» SOURCE MATERIAL
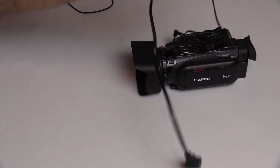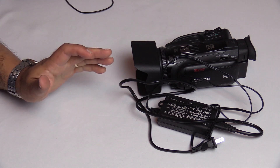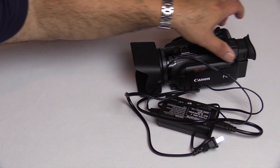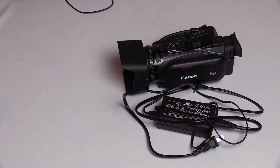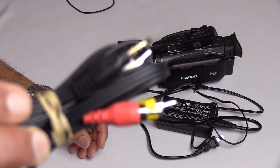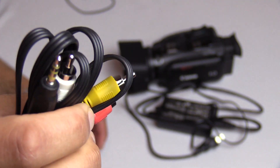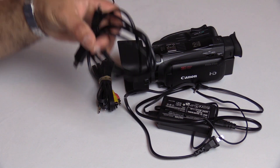Let me go over the accessories it comes with. Obviously it comes with an AC adapter. Unless I'm shooting outside and can't plug in, I always use AC. It also comes with a battery — the initial battery lasts about three hours, which is decent. They have longer-lasting ones available, but I always suggest having plenty of backup batteries. It also comes with an RCA cable for connecting to older monitors without HDMI.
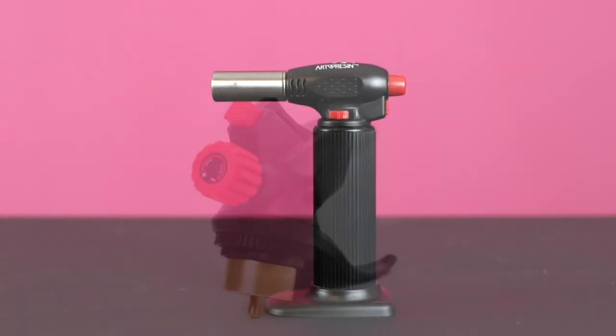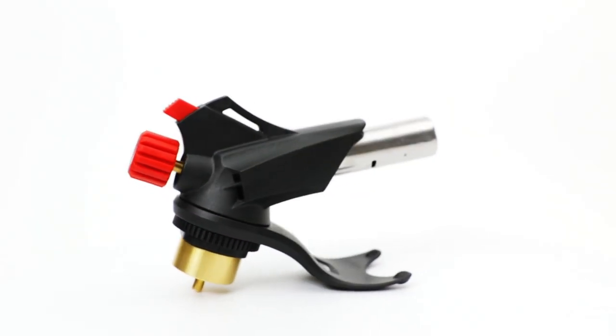To help you, we have a handheld artist torch and a larger artist propane torch head for those bigger jobs. Once you use the torch you'll wonder what you ever did without it.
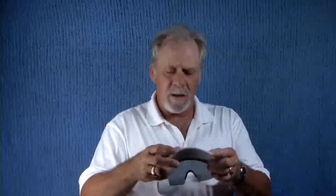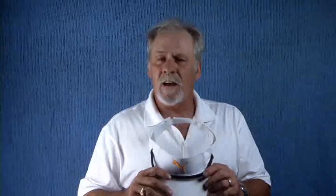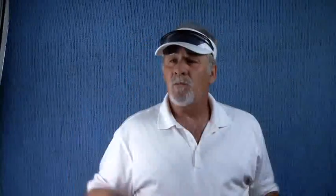Visors and caps both come available with your company, organization, or program's logo embroidered on the front. They are available in any color. For further information, contact Tony Manziotti at 818-823-3412.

» DIRECTIONS
Reproduce verbatim the lines of the material above, beginning with its first line and ending with the line that contains "To help you, we"; skip pictures.

» TASK SOLUTION
Let me go over the accessories it comes with. Obviously it comes with an AC adapter. Unless I'm shooting outside and can't plug in, I always use AC. It also comes with a battery — the initial battery lasts about three hours, which is decent. They have longer-lasting ones available, but I always suggest having plenty of backup batteries. It also comes with an RCA cable for connecting to older monitors without HDMI.
To help you, we have a handheld artist torch and a larger artist propane torch head for those bigger jobs. Once you use the torch you'll wonder what you ever did without it.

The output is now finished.